When hot topics bubble to the surface in the Christian community, there is usually a debate about freedom of speech. On one side, we’ll argue that we shouldn’t express opinions that could be considered judgemental, unloving, or cast a shadow over the reputation of Jesus.
On the other side, we’ll argue for the right to free speech—which loosely means, being able to voice our genuine opinion. We may see it as the right to express ‘the truth’, even when it is unpopular.
Within this argument, it’s important to note the biblical imperative. Freedom of speech is a democratic construct, it is not a biblical construct. There is nothing in the Bible to suggest that—as representatives of Christ—we have the freedom to say whatever we like.
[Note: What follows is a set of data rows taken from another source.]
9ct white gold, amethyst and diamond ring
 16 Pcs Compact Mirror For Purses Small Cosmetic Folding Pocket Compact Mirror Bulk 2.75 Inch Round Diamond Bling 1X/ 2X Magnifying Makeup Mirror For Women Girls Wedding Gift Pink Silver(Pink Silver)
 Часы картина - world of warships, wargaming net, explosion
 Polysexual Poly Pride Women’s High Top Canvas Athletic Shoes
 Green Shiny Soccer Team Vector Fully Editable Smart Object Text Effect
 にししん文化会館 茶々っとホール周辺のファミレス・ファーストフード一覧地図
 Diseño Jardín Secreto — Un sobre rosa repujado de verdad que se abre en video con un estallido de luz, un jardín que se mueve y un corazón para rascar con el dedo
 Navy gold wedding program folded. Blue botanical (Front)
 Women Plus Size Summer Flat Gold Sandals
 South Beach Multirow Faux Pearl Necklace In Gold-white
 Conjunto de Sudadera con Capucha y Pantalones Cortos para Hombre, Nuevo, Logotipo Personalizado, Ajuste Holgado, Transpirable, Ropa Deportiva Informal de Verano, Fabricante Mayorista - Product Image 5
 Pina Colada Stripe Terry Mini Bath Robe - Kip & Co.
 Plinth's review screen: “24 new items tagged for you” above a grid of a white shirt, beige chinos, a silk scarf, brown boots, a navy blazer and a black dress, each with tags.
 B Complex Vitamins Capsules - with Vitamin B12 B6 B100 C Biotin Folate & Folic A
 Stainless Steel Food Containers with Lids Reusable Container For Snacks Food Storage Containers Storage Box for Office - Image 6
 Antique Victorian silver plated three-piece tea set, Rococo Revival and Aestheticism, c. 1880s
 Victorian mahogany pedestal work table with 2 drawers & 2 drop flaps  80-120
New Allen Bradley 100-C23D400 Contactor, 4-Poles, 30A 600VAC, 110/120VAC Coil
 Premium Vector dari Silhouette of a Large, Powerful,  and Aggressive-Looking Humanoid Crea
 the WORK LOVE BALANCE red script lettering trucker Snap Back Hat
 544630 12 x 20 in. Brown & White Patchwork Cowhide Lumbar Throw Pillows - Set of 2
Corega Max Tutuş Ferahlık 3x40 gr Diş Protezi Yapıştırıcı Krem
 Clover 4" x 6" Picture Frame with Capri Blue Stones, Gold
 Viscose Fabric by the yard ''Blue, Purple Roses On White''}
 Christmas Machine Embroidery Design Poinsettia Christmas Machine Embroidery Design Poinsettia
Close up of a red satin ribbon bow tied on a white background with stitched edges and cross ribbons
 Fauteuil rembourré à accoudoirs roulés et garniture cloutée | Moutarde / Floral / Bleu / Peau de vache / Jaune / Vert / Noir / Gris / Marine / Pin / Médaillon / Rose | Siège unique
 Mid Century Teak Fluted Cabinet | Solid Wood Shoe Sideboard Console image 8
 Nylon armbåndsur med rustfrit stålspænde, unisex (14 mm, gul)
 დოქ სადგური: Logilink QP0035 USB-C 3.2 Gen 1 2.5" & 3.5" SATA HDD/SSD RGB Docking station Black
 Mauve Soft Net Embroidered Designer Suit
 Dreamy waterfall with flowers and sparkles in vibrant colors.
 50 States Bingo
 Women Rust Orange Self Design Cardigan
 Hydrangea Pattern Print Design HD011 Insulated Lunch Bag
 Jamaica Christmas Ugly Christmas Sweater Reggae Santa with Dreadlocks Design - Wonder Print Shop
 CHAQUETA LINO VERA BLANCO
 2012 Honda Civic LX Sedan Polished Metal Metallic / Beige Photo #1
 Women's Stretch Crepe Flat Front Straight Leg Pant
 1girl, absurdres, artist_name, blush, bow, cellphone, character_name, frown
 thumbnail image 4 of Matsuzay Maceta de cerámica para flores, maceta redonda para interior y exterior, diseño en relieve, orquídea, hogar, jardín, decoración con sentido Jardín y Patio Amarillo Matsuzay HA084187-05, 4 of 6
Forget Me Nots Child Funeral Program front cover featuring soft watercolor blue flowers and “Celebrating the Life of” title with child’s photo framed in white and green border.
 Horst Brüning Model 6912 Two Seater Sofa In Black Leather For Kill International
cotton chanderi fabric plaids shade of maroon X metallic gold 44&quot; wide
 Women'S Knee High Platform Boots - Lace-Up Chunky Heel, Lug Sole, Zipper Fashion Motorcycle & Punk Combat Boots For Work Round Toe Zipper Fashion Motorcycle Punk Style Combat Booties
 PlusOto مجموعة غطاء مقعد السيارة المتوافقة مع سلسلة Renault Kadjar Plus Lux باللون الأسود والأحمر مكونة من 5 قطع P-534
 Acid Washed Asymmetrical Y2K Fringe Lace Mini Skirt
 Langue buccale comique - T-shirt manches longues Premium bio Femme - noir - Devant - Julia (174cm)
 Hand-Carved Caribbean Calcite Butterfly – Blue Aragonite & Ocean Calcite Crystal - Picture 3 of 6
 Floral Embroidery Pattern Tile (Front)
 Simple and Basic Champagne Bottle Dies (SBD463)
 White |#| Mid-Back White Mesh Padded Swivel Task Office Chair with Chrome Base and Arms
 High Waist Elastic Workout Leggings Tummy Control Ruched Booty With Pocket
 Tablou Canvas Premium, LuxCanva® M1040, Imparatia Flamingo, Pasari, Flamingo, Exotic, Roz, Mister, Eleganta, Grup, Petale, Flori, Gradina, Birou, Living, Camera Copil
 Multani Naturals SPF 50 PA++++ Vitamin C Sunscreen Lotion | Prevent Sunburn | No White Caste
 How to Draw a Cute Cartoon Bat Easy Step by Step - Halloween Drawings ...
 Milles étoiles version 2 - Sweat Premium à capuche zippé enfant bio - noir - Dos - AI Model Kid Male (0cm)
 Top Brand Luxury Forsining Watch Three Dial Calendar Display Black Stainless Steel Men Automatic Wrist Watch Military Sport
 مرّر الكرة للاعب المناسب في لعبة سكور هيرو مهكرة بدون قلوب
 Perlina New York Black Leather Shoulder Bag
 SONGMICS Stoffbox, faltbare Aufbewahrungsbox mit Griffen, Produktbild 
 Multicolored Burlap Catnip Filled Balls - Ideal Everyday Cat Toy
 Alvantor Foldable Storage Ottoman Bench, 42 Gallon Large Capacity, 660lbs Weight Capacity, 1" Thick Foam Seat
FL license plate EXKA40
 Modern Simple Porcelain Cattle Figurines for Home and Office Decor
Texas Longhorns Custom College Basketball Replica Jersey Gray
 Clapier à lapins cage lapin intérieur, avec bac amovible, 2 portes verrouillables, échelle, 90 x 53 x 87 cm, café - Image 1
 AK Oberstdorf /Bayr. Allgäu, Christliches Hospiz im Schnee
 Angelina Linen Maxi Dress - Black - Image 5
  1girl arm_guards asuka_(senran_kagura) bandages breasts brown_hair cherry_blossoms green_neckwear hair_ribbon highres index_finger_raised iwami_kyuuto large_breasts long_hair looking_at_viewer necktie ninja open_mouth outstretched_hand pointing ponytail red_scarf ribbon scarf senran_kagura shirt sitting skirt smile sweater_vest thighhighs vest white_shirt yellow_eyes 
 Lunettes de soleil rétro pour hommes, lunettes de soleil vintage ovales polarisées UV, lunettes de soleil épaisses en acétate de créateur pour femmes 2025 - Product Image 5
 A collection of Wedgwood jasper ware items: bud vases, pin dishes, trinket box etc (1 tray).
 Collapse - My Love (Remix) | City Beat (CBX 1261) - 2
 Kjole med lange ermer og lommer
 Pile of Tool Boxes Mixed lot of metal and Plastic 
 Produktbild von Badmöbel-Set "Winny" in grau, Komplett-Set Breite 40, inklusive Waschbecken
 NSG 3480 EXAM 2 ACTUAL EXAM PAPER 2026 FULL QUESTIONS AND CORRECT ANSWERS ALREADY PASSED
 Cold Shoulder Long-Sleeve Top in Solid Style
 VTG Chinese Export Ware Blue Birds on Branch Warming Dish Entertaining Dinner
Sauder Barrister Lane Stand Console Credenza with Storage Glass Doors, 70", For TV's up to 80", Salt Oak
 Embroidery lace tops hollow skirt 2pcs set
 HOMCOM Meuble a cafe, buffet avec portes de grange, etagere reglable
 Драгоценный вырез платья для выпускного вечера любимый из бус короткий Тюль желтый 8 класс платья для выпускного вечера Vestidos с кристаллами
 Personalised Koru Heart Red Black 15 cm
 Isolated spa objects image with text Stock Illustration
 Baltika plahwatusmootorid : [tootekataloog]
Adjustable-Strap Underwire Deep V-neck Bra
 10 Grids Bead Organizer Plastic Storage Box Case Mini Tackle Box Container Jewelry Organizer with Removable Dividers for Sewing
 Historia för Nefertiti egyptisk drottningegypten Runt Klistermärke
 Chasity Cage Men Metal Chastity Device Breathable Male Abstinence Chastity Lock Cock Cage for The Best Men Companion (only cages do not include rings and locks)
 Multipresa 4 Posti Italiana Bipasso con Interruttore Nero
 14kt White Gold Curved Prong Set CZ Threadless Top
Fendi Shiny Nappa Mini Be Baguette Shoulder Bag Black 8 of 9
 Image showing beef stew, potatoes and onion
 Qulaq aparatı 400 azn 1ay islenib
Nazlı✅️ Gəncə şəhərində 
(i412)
Even if we think it’s the truth.
In fact, the Bible puts some clear boundaries around our speech. It commands us to say only what is ‘helpful for building others up’ (Ephesians 4:29).
Gentle speech will ‘turn away wrath’ but harsh words ‘stir up anger’, says Proverbs 15:1–2—how often we see this in the social media world!
Within this context, Paul’s words resound with beauty: ‘Let your conversation be always full of grace, seasoned with salt, so that you may know how to answer everyone’ (Colossians 4:6).
In this issue, we are discussing a contentious—perhaps the most contentious—topic for the modern church. We will not all agree. But let us all season the conversation with grace, in a way that gives life to others and welcomes everyone into God’s life-giving Kingdom.
Set a guard over my mouth, Lord; keep watch over the door of my lips.
Ngā Waiata 141:3
Hōmai he kaitiaki mō toku māngai, e Ihowā; tiakina te kūwaha o oku ngutu.